The Indian government is considering a substantial increase in the minimum pension provided under the Employees’ Pension Scheme (EPS-95), a move that could raise the monthly payment from ₹1,000 to ₹7,500. This proposed EPS-95 Pension Hike, a response to years of advocacy from retiree groups, was a significant point of discussion during the Union Budget 2025 proceedings and is now under active review.
Push for a Landmark Pension Increase
Millions of pensioners across India could see a transformative boost in their monthly income as the government deliberates on the landmark proposal. The suggested seven-fold increase to ₹7,500 per month is aimed at providing greater financial security and a life of dignity for the nation’s retirees.
This follows a sustained campaign by pensioner organizations who argue that the current government-mandated minimum of ₹1,000 is grossly inadequate to cover basic living expenses amid rising inflation. The demand was formally presented by the EPS-95 National Agitation Committee during pre-budget consultations with Finance Minister Nirmala Sitharaman in early 2025. In addition to the pension hike, the committee has also lobbied for the inclusion of a dearness allowance (DA) and free medical facilities for pensioners and their spouses.
The Financial Reality for Current Retirees
The urgent need for reform is starkly illustrated by official data. According to figures released by the Labour Ministry, the financial situation for a vast number of retirees is precarious. As of March 2025, out of approximately 8.15 million pensioners under the scheme, nearly half around 4.9 million individuals receive a meagre pension of less than ₹1,500 per month.
This data highlights a critical gap between the scheme’s intent and its actual impact, leaving many without the means for a secure retirement. The Employees’ Provident Fund Organisation (EPFO), which administers the fund, is at the center of discussions about how to finance such a significant increase in payouts.
How the EPS-95 Scheme Functions
The Employees’ Pension Scheme was established in 1995 to provide retirement security for employees in India’s organized sector. Here’s how it works:
- Contribution: While the employee contributes to their Provident Fund (PF), the employer contributes a matching amount. Of the employer’s share, 8.33% is redirected into the EPS account, subject to a statutory wage ceiling.

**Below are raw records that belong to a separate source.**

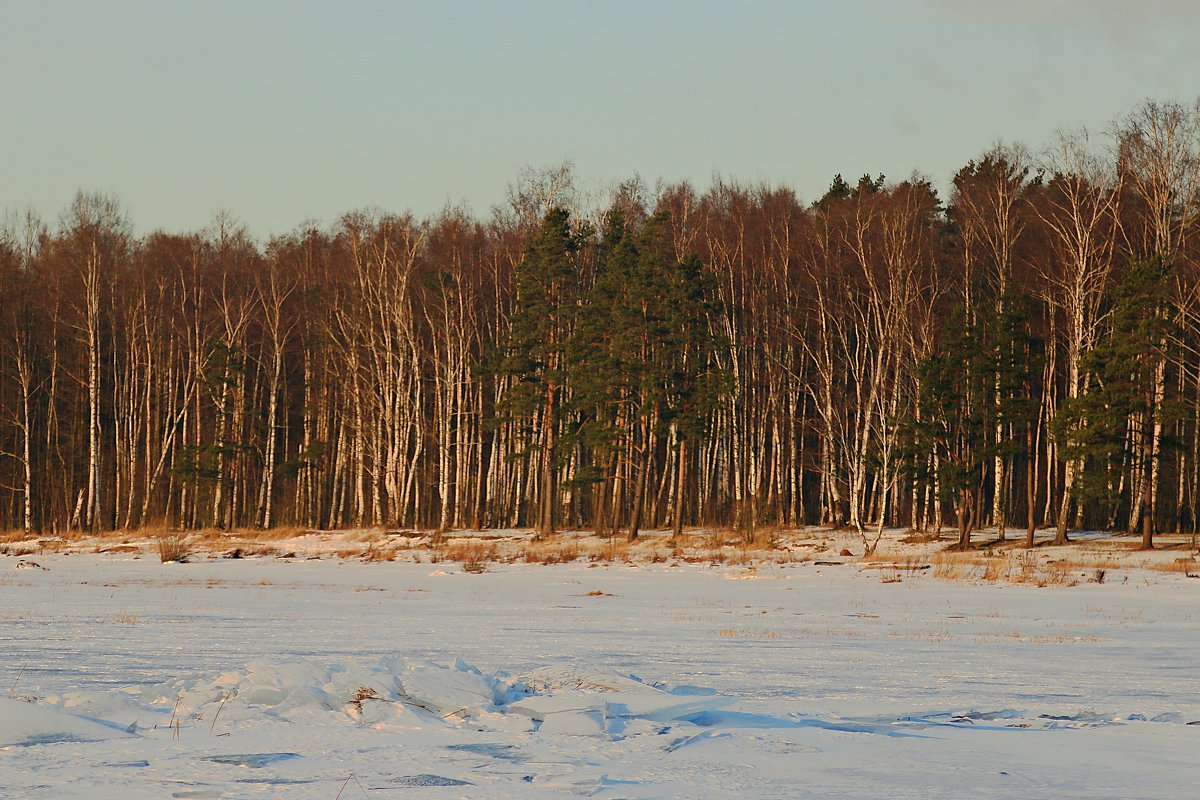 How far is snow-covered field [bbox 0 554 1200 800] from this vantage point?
6500 millimetres

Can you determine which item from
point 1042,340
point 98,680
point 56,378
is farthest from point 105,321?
point 98,680

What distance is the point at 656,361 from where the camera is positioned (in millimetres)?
47969

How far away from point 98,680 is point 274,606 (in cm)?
1028

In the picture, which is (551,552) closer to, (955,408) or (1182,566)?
(955,408)

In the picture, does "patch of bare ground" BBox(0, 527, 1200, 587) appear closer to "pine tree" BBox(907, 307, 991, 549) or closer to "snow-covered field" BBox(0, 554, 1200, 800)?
"pine tree" BBox(907, 307, 991, 549)

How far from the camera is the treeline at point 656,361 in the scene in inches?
1658

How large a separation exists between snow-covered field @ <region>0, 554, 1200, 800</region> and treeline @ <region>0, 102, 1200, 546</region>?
80.7 ft

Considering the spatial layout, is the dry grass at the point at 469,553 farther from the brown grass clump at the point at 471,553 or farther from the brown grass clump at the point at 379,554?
the brown grass clump at the point at 379,554

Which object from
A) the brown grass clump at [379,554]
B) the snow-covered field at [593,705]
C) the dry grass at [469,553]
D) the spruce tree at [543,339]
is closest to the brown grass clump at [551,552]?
the dry grass at [469,553]

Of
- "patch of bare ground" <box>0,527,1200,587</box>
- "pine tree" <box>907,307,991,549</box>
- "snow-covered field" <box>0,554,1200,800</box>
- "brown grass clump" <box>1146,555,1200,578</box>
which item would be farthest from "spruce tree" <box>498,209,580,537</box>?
"snow-covered field" <box>0,554,1200,800</box>

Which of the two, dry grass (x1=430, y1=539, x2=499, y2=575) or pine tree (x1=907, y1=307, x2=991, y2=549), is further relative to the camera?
pine tree (x1=907, y1=307, x2=991, y2=549)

- Eligibility: An employee becomes a member of the EPS automatically if they are an EPFO member. To receive a pension after retirement (at age 58), they must have completed a minimum of 10 years of service.
- Pension Calculation: The monthly pension is determined by a formula based on the member’s pensionable salary and the number of years of pensionable service.
The term “PF Account Holders Get Double Pension” circulating in some reports is a misinterpretation. The proposal is not to double the pension amount for all, but to dramatically increase the minimum floor for pensions, lifting those at the lowest end of the scale.
Feasibility and the Path Forward
The proposal to increase the minimum pension to ₹7,500 gained significant traction during the Union Budget 2025 discussions. While some initial reports suggested the hike was approved for implementation from May 2025, the government has clarified that a final decision is pending a thorough review of the financial implications. The primary challenge lies in ensuring the long-term sustainability of the pension fund while meeting the immediate needs of retirees.
A high-level committee is reportedly examining the financial viability of the proposal. Any decision will likely require amendments to the existing scheme rules and may need clearance from the EPFO’s Central Board of Trustees before a formal notification is issued. While the final amount and timeline remain uncertain, the government’s active consideration marks a pivotal moment for millions of Indian retirees. The move addresses long-standing concerns about financial stability in old age and reflects a policy shift towards enhancing social security for the nation’s organized workforce.